# HDD works externally, but not internally



## Frick (Nov 7, 2012)

Ok I have this weird problem. I can't for the life of me figure out what's going on. But here goes:

I have a Samsung Spinpoint F3 1TB (HD103SJ if you're interested in exact model), that I've had in a cheap external USB 2.0 cabinet for some time now. It works lovely. Tonight I thought I'd put it in the case instead (see system specs), but it does not work with a SATA cable connected. It just doesn't. I've tried three different cables, two of them are brand new. The cables work with other drives, but not this one. It starts to spin up, but stop before it's done. When the SATA cable is disconnected it spins up as it should (that "OOP" sound). So now it's back in the external cabinet where it actually works. Nothing strange about the SMART values too.

Any ideas anyone?


----------



## Fourstaff (Nov 7, 2012)

SATA power cable any good?


----------



## Frick (Nov 8, 2012)

Fourstaff said:


> SATA power cable any good?



Yep, works fine. As soon as I unplug the SATA data cable the HDD will not spin up. Tried every SATA power cable on the PSU just to be sure. Also I unplugged everything except that HDD just to make sure it wasnt something silly like it didn't get enough power or something.


----------



## drdeathx (Nov 8, 2012)

Try different ports and make sure IDE is selected in the Bios.


----------



## Frick (Nov 8, 2012)

drdeathx said:


> Try different ports and make sure IDE is selected in the Bios.



Also done.


----------



## Frick (Nov 12, 2012)

Still no ideas? Bbbbbbuump.


----------



## Peter1986C (Nov 12, 2012)

Disconnect the optical drive and/or primary HDD, see whether it will work then (in order to see if it is PSU related just in case).


----------



## Frick (Nov 12, 2012)

Chevalr1c said:


> Disconnect the optical drive and/or primary HDD, see whether it will work then (in order to see if it is PSU related just in case).



Did that already.


----------



## temp02 (Nov 12, 2012)

Are there any jumpers on the drive? Most drives have one for SATA 1.5G compatibility, try setting it and try again.


----------



## Iceni (Nov 12, 2012)

AHCI mode switching?

I've had a similar problem when i ran Sata1 drives without AHCI in a newer machine. But only if AHCI was on by default, and the new drive wasn't already enabled for this mode.

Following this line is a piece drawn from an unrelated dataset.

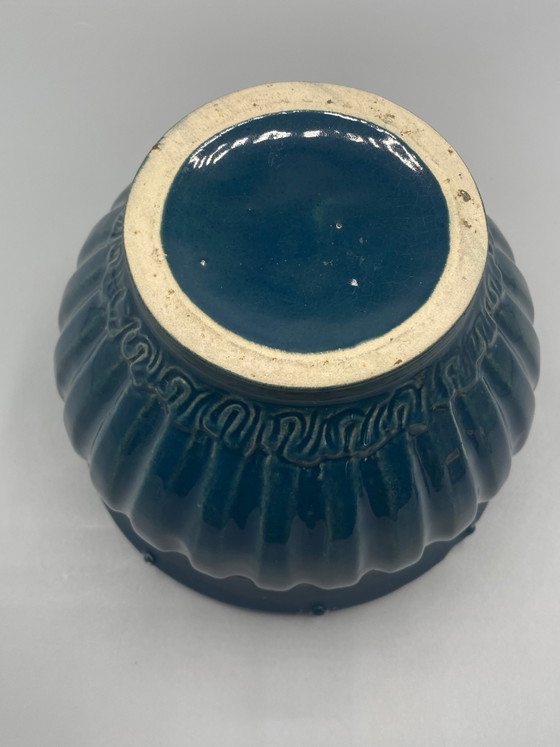 Teal Ceramic Planter – Ribbed and Embossed Meander Design – Crockery (photo 3 of 5)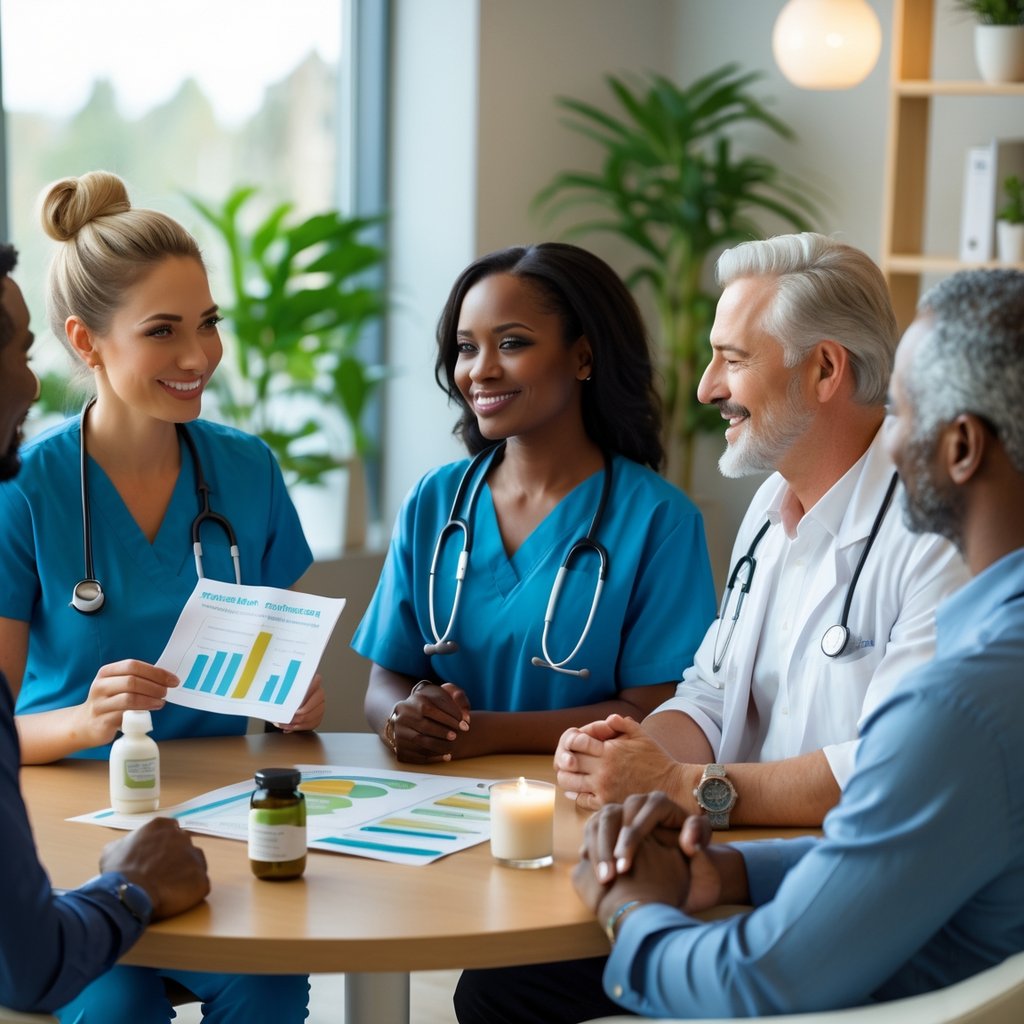 A healthcare practitioner talks with a middle-aged couple in a bright office surrounded by plants and wellness items.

There is a tweak in the registry that may help.

http://www.tomshardware.co.uk/forum/271111-14-windows-booting-ahci

wiki link



> Some operating systems, notably Windows Vista and Windows 7, do not configure themselves to load the AHCI driver upon boot if the SATA-drive controller was not in IDE mode at the time of installation. This can cause failure to boot with an error message if the SATA controller is later switched to AHCI mode. For this reason, Intel recommends changing the drive controller to AHCI or RAID before installing an operating system.[1] (It may also be necessary to load chipset-specific AHCI or RAID drivers — from a USB Flash drive, for example — at installation time.)


----------



## Frick (Dec 14, 2012)

Iceni said:


> AHCI mode switching?
> 
> I've had a similar problem when i ran Sata1 drives without AHCI in a newer machine. But only if AHCI was on by default, and the new drive wasn't already enabled for this mode.
> 
> ...



Can't sleep, so I tried this, and no it didn't work either. Plus AHCI mode added like 15 seconds to the boot time so I set it to IDE again.

Thank you anyway.


----------



## hellrazor (Dec 14, 2012)

Are you sure it just isn't the SATA slot (on the mobo)?


----------



## Frick (Dec 14, 2012)

hellrazor said:


> Are you sure it just isn't the SATA slot (on the mobo)?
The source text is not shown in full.